According to figures from the National Statistical Bureau (NSB), between October last year and October this year, prices of local goods and services increased by 2.57 percent, mainly triggered by an increase in prices of food.
Imported goods and services recorded a higher increase at 3.30 percent.
The NSB has identified a sample of goods and services representative of all goods and services purchased by the households called market basket, containing 151 items of 436 varieties. The bureau has further classified these items into 12 major groups.
Within this group, restaurant and hotel services recorded the highest increase in the price of 7.17 percent between October 2017 and October 2018.

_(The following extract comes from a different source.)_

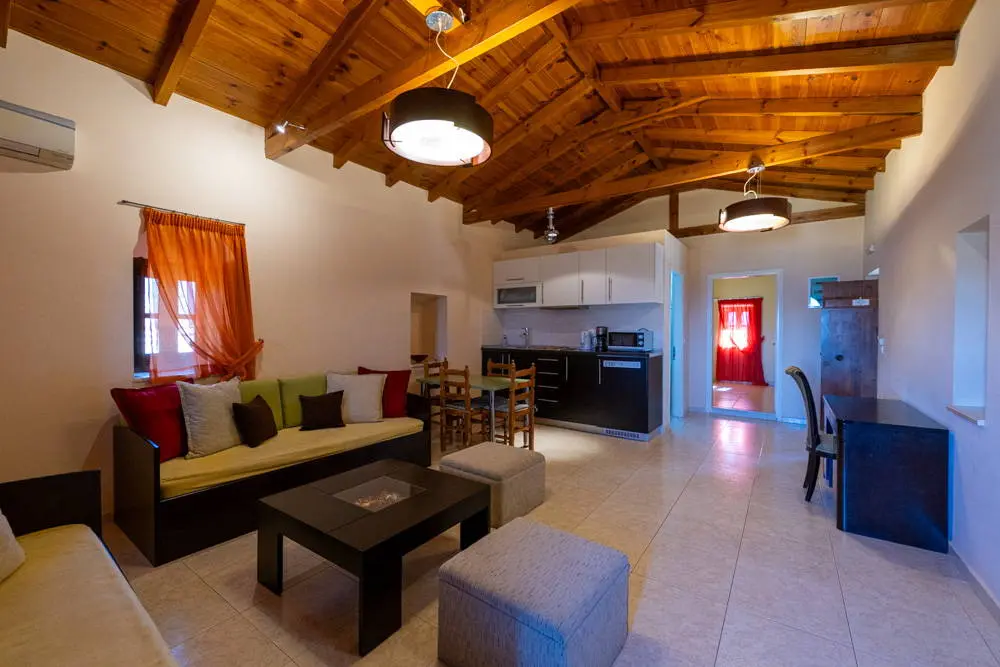 Traditional Stone Retreat in Kardamyli, Mani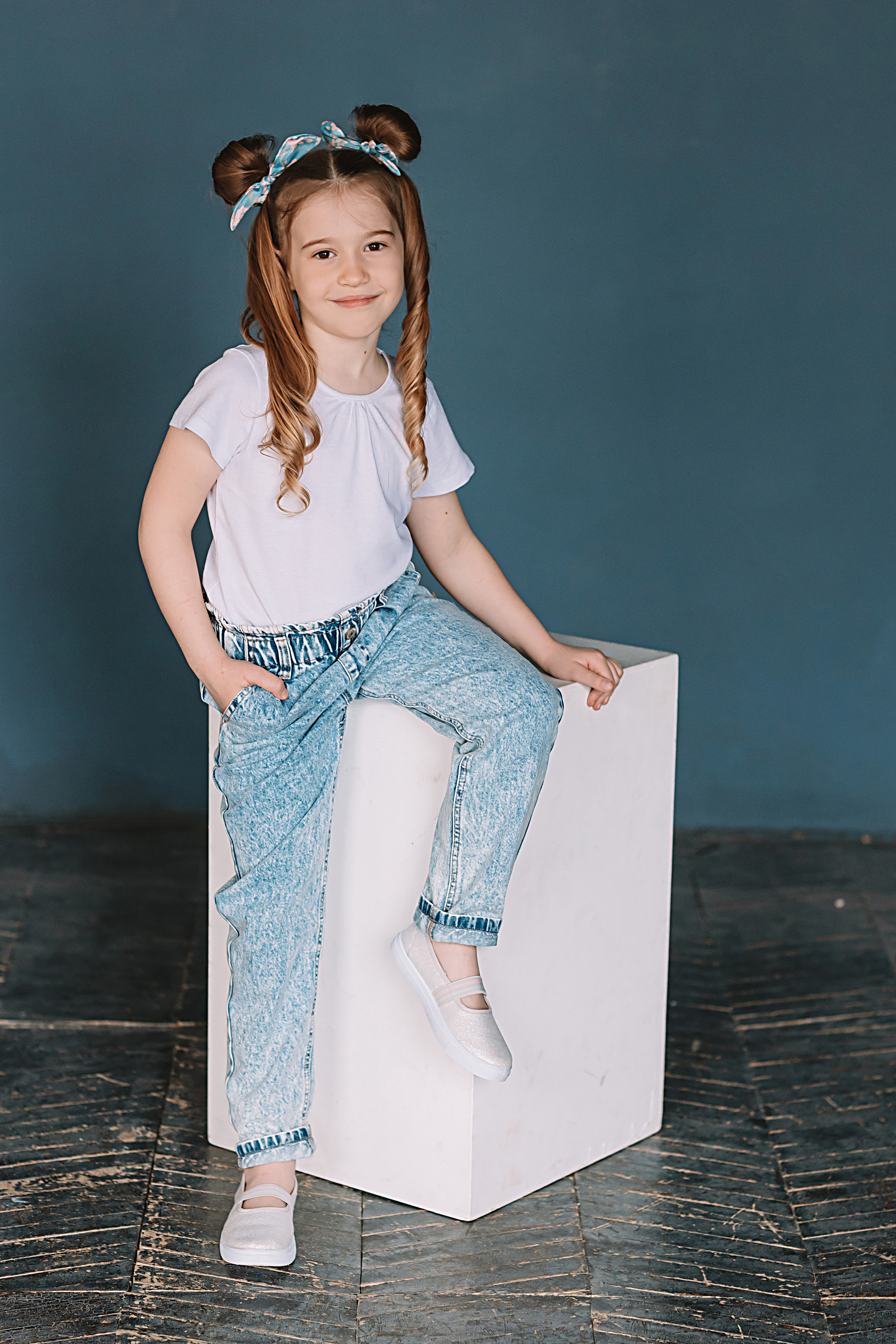 Садик в фотостудии. Семейный фотограф Тюмень, фотограф на роды Салмина Мария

This is followed by alcoholic beverages and narcotics at 4.02 percent. Narcotics alone recorded a price rise of 7 percent. Since the sale of tobacco and tobacco products are illegal in the country, the NSB included areca nut under narcotics.
In the non-food group, catering service experienced a price rise of 7.7 percent, followed by fuel and lubricant at 6.9 percent and footwear at 5.6 percent.
Within the food group, the price of fish increased by 9.15 percent within the 12-month period, followed by milk, cheese and eggs at 7.6 percent.
Since inflation erodes the purchasing power of ngultrum (PPN), as of October this year Nu 100 is worth only Nu 73 in December 2012.
When the prices of goods and services increase, the purchasing power of ngultrum goes down, which economists define as inflation.